* [WORK INSTRUCTIONS] Every line from the one with "Papyrus Kopierpapier Rainbow" to the one with "Pagewing Retro School Unisex Washed T-shirt", including those two, is to be copied exactly; all other lines of the entries below are left out.

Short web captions

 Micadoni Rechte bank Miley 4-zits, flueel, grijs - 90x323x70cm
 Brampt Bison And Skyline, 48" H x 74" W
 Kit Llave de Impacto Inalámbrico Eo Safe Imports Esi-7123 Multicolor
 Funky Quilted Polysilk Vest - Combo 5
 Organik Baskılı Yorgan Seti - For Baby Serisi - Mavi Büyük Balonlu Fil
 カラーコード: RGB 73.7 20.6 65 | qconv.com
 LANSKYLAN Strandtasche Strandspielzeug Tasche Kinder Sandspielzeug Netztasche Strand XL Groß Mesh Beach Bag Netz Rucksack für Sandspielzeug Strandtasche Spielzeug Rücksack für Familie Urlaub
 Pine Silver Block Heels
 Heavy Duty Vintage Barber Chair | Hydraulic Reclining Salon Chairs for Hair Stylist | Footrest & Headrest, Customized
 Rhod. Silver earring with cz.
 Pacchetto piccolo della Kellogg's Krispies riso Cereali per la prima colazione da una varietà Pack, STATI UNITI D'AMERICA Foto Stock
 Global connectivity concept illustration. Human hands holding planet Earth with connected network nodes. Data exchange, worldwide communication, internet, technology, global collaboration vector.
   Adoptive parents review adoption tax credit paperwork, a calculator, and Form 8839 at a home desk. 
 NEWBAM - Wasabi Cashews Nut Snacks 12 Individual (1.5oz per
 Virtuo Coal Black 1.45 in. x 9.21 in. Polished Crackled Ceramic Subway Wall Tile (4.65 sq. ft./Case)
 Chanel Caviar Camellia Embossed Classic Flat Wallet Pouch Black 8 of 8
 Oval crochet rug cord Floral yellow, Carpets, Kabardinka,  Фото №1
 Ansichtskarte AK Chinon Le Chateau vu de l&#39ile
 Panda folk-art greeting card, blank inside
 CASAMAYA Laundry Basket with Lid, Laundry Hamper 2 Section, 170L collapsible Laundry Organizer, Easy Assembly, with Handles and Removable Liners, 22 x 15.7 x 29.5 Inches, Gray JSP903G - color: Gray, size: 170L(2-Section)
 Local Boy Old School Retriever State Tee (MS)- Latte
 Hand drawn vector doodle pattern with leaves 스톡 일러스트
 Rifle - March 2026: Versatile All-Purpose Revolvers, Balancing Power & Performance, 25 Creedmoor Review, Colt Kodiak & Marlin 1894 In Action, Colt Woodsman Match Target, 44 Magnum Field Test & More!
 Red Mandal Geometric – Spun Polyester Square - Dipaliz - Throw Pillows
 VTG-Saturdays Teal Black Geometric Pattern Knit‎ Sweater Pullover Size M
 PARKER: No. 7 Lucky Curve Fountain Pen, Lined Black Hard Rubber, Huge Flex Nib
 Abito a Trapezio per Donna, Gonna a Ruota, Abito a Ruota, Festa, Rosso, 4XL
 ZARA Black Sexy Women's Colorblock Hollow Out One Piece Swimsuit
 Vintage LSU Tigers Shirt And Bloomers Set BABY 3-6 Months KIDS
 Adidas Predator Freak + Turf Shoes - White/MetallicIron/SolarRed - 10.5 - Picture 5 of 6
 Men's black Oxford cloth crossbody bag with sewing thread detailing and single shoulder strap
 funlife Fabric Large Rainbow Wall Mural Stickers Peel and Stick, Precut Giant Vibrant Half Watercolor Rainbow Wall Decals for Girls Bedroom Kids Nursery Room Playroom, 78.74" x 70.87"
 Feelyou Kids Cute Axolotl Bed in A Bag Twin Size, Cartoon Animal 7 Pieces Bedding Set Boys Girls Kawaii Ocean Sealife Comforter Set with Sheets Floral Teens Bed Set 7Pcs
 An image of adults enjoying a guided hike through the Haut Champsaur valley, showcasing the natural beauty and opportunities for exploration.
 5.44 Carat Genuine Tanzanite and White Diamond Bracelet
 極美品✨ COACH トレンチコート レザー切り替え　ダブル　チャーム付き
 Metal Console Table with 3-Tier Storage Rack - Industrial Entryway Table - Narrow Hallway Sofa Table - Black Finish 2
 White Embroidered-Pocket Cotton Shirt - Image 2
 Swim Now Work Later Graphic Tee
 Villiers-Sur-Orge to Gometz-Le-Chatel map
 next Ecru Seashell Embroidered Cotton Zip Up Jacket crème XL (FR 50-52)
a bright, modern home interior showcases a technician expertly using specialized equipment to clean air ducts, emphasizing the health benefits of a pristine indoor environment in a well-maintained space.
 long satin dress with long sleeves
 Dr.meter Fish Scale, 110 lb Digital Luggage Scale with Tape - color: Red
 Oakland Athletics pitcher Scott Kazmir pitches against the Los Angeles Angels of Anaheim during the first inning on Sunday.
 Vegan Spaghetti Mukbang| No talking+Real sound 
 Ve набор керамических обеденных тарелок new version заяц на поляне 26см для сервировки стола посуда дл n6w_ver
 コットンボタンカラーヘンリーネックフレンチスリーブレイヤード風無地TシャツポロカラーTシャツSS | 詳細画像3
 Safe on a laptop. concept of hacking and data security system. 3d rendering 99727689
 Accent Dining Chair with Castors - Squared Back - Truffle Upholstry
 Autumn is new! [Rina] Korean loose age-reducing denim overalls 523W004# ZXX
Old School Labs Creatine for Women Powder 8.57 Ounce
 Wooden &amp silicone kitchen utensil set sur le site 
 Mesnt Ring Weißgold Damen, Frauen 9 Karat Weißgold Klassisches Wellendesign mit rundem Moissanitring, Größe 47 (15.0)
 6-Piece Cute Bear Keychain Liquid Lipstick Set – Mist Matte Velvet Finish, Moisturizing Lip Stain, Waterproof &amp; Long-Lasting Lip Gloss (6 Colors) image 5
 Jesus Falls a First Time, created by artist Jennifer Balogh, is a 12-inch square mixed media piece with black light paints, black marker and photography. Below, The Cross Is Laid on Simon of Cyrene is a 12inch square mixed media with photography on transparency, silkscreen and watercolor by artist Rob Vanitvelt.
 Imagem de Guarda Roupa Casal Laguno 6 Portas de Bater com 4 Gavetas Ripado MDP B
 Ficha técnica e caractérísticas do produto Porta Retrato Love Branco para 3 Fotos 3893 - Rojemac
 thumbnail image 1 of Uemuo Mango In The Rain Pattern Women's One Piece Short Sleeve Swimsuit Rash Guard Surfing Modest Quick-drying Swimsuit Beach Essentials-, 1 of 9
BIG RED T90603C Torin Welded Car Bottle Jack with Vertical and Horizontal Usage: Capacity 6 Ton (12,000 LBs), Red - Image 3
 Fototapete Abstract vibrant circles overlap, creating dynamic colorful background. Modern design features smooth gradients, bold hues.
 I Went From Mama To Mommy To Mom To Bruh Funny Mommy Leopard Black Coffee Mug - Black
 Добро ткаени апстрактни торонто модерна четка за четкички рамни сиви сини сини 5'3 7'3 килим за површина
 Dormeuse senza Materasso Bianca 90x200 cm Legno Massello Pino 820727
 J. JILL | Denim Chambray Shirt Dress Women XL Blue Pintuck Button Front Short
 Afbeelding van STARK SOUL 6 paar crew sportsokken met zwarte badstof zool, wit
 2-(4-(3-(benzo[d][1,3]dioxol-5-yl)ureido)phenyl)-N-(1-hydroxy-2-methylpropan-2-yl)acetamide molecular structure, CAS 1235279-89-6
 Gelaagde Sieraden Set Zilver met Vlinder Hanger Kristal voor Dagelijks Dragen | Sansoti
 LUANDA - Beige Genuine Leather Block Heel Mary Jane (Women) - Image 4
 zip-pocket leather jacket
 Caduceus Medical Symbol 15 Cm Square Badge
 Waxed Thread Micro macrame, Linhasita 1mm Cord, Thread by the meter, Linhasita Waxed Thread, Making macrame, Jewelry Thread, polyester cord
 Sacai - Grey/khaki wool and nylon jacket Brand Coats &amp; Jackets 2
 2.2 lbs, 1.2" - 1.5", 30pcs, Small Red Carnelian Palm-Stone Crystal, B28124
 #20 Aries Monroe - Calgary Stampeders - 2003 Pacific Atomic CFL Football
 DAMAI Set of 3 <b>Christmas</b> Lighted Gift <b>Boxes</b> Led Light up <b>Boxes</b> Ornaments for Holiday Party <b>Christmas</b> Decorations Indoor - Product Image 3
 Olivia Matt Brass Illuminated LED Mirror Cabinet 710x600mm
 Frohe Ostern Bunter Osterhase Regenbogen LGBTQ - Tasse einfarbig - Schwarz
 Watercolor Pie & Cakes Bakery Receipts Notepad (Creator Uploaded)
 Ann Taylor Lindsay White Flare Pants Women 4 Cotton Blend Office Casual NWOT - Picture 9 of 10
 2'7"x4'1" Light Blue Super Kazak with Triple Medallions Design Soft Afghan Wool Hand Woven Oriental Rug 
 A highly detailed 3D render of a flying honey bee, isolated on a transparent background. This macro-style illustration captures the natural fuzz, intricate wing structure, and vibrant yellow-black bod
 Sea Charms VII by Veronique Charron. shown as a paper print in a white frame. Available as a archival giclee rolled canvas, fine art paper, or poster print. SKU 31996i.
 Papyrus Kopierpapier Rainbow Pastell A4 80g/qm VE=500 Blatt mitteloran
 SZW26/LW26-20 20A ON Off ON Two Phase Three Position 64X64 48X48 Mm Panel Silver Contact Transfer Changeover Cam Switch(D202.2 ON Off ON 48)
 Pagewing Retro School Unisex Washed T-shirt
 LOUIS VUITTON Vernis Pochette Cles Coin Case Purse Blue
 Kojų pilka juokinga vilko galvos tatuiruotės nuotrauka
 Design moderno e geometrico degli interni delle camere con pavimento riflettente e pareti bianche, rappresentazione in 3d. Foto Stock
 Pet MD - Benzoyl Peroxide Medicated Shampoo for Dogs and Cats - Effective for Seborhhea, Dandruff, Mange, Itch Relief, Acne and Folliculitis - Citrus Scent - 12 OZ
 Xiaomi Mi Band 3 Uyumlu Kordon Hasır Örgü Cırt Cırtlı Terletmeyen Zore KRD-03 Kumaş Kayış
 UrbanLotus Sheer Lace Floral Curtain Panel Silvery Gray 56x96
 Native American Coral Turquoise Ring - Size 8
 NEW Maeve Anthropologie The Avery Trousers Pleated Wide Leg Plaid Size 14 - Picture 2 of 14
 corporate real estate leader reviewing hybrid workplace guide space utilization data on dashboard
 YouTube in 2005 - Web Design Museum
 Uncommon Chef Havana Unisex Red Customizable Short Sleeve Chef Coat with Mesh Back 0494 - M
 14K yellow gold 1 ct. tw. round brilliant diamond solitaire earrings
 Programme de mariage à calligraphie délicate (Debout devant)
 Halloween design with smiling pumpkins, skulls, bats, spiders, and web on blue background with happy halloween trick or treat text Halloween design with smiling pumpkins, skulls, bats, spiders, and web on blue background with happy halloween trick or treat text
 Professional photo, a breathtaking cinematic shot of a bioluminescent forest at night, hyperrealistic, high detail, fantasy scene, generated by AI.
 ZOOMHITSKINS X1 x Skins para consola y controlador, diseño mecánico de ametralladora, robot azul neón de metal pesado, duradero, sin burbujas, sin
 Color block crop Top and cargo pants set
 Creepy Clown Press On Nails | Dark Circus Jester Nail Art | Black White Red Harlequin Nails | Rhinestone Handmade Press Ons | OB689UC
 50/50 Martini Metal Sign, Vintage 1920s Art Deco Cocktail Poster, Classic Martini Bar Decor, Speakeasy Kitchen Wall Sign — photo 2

* [TASK ANSWER]
 Papyrus Kopierpapier Rainbow Pastell A4 80g/qm VE=500 Blatt mitteloran
 SZW26/LW26-20 20A ON Off ON Two Phase Three Position 64X64 48X48 Mm Panel Silver Contact Transfer Changeover Cam Switch(D202.2 ON Off ON 48)
 Pagewing Retro School Unisex Washed T-shirt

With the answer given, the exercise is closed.